Albert & Hahnel or Marx & Engels?

Gar Lipow lipowg at sprintmail.com
Mon Jan 27 20:01:59 PST 2003


>I tell my students that I am comparable to the Dept. of Ag. beef inspectors. The school does not care whether they learn or not; we are grading beef for the employers.

OK - Two points on this. I did not include elementary or high school or community college teachers. Elementary through high school teacher is not a coordinator position - though it still beats waiting tables.

Secondly, if University professor (not just tenured but untenured) think that university does not change students conciousness...

I don't know one student who went to the university who can't tell about a favorite teacher who changed their life I don't know one student who went to the university who did not hate one teacher who changed their life. I know at least one student who was a left-liberal until she took a standard economics class and then decided that the free market was it. TINA. And became a stockbroker.

I think radical teachers probably are very frustrated, because you don't change your students conciousness intentionally - that is their conciousness does not change your students in any way you intend. But believe me, students come out of the university different people than they went in; and you teachers are a big part of that whether you like it or not.
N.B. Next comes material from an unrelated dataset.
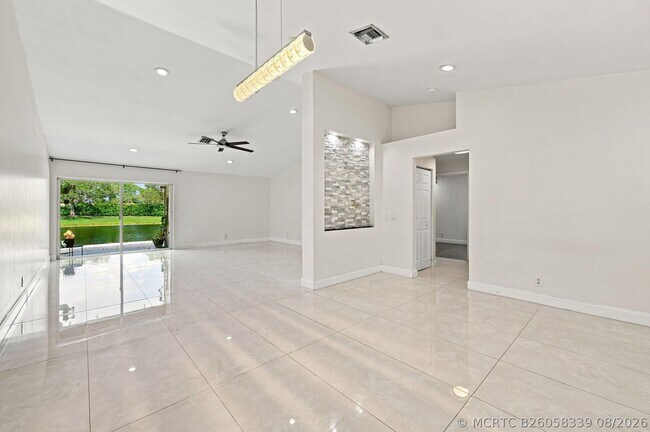 Building Photo - 1590 Orion Ln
I went to Cal State Long Beach - which was (and still is for all I know) one step above a community college And teachers changed my conciousness a great deal.

JKS

>Your point? That the work I do for six hours a day after working for 10 or 12 as a lawyer doesn't count?

That there are people who do rote stuff for 10 or 12 hours a day and then go home and do the same six hours of chores you do.

> One might, however, wonder whether it is the best use of my time and skills to take me away from the work I was specially trained to do, and which not everyone could do.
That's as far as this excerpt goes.